Collected data:
[Start of Attachment]
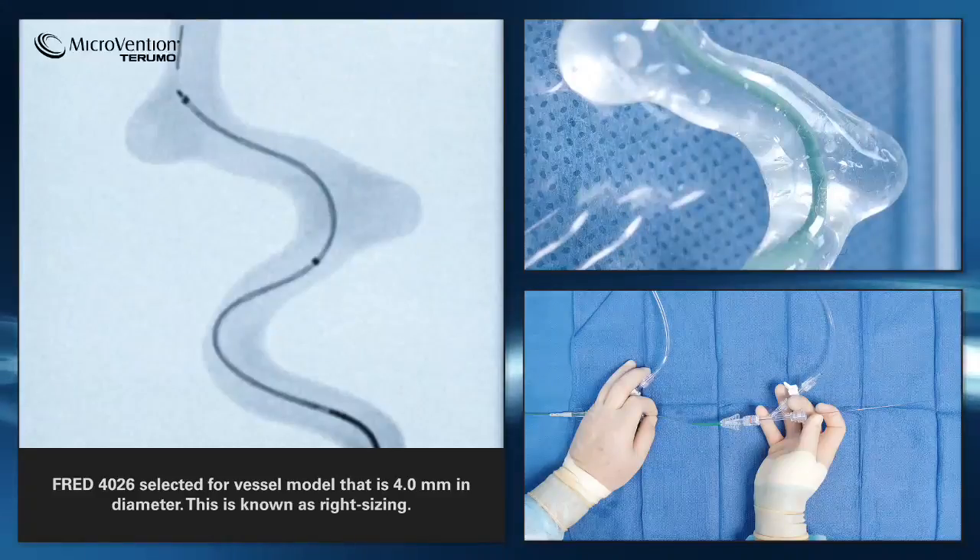If the device is too large for the vessel, it may be difficult to deploy, especially in tortuous vasculature. Do not oversize by more than 0.5 mm.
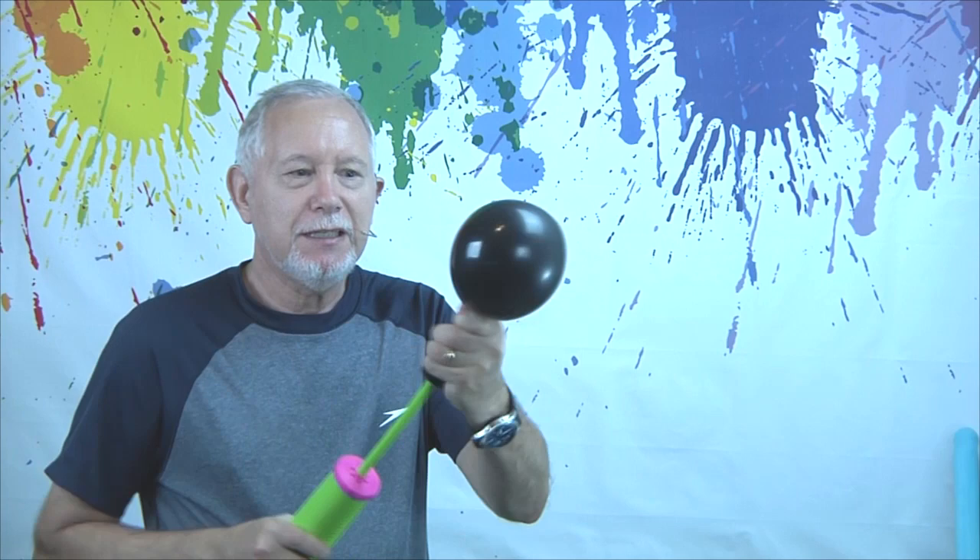How to make an octopus. This is a very fun one because it's big and kids love it.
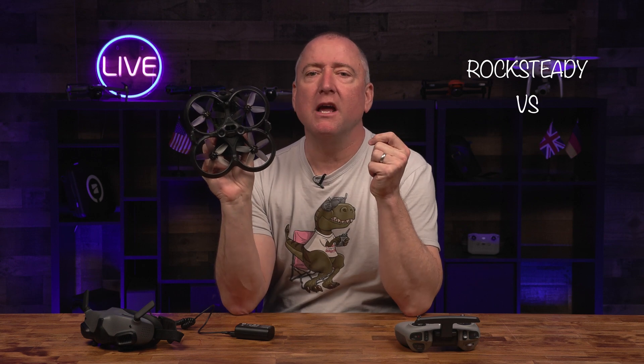Hey everybody, you're watching Ready Set Drone, and today we're going to show you the difference between RockSteady stabilization and Horizon Steady stabilization on the DJI Avata, so stay tuned.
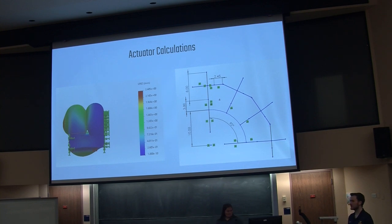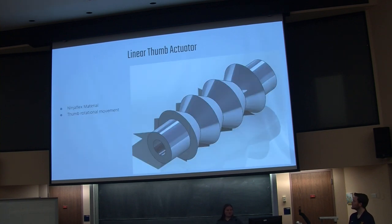And the image on the right is the expected behavior if the radial displacement goes through as we expect. This is our linear thumb actuator. As you know, the thumb has more degrees of movement compared to normal fingers, so this should act as an actuator to help reach that secondary degree of freedom.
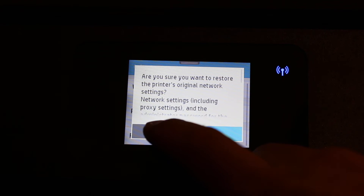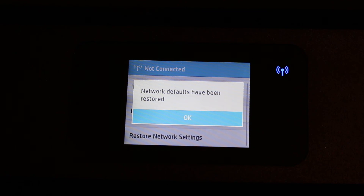Click on yes. You will see it's getting reset to the defaults. Click OK. Your printer is now reset. Thanks for watching.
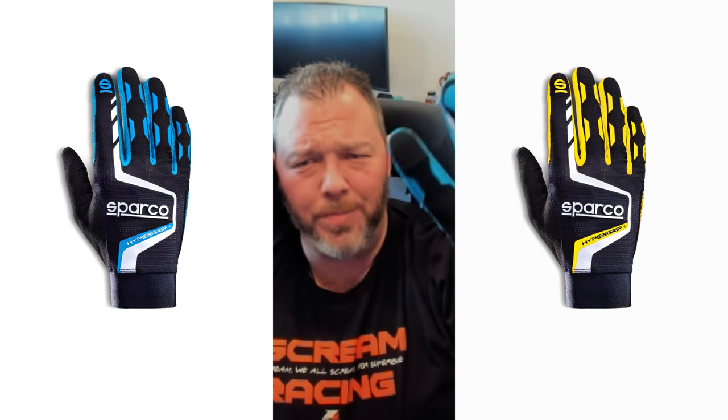This isn't an affiliate link situation or anything - well, I do have affiliate links for Amazon. You can find them on Amazon. I appreciate if you used that. If you're interested in the regular Hypergrip or the Plus, you can check the gloves through my affiliate link on Amazon and see if they have your size in stock through Sparco.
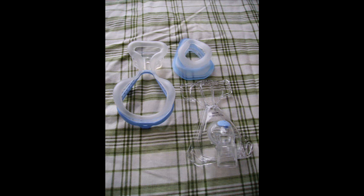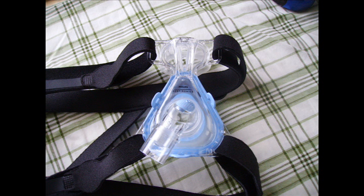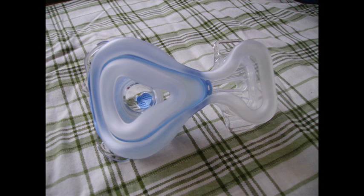Both of these masks don't leave any mask lines from the headgear on my cheeks at all. So these are two great pieces of technology. Let's look at them in action.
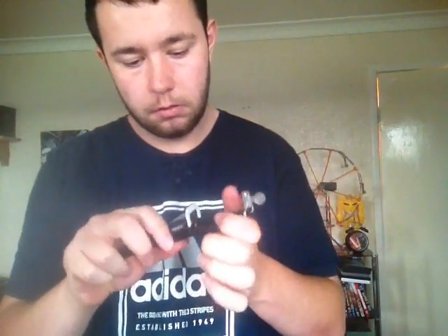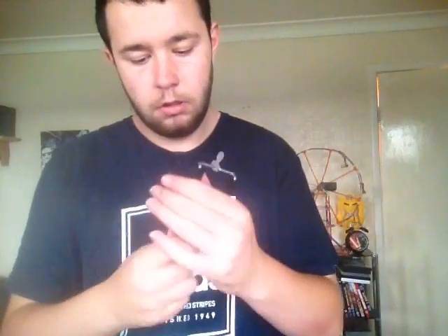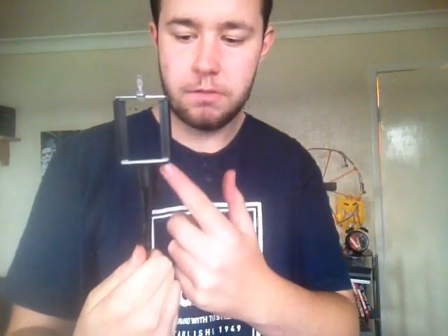MP3 players — I don't know if it holds MP3s but anyway, to put it together, all you do is just screw the phone part, which is this piece, onto this piece. Very straightforward.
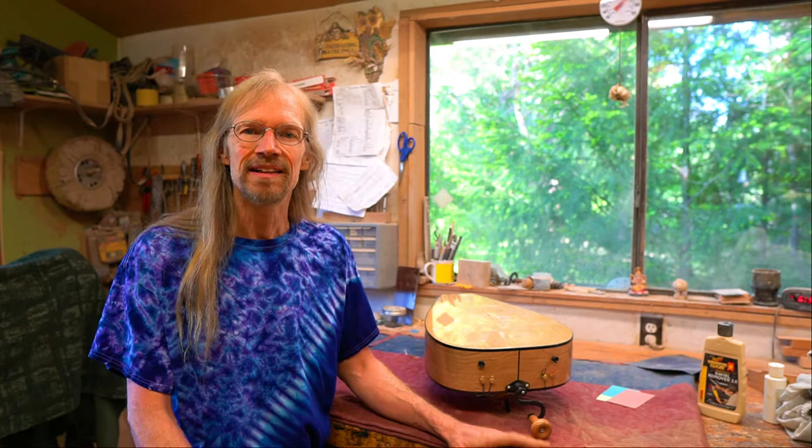Doug B. from Michigan recently wrote to us: 'Hey George, I've got something going on the back of my instrument. There's some sticky residue or something going on with the finish. Can you give me any advice on how to fix it?' And that's what we'll do today.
[End of Attachment]
**What to work on**
Start at the top line above and repeat the records verbatim, leaving images out.

**Output of the task**
If the device is too large for the vessel, it may be difficult to deploy, especially in tortuous vasculature. Do not oversize by more than 0.5 mm.
How to make an octopus. This is a very fun one because it's big and kids love it.
Hey everybody, you're watching Ready Set Drone, and today we're going to show you the difference between RockSteady stabilization and Horizon Steady stabilization on the DJI Avata, so stay tuned.
And the image on the right is the expected behavior if the radial displacement goes through as we expect. This is our linear thumb actuator. As you know, the thumb has more degrees of movement compared to normal fingers, so this should act as an actuator to help reach that secondary degree of freedom.
Click on yes. You will see it's getting reset to the defaults. Click OK. Your printer is now reset. Thanks for watching.
This isn't an affiliate link situation or anything - well, I do have affiliate links for Amazon. You can find them on Amazon. I appreciate if you used that. If you're interested in the regular Hypergrip or the Plus, you can check the gloves through my affiliate link on Amazon and see if they have your size in stock through Sparco.
Both of these masks don't leave any mask lines from the headgear on my cheeks at all. So these are two great pieces of technology. Let's look at them in action.
MP3 players — I don't know if it holds MP3s but anyway, to put it together, all you do is just screw the phone part, which is this piece, onto this piece. Very straightforward.
Doug B. from Michigan recently wrote to us: 'Hey George, I've got something going on the back of my instrument. There's some sticky residue or something going on with the finish. Can you give me any advice on how to fix it?' And that's what we'll do today.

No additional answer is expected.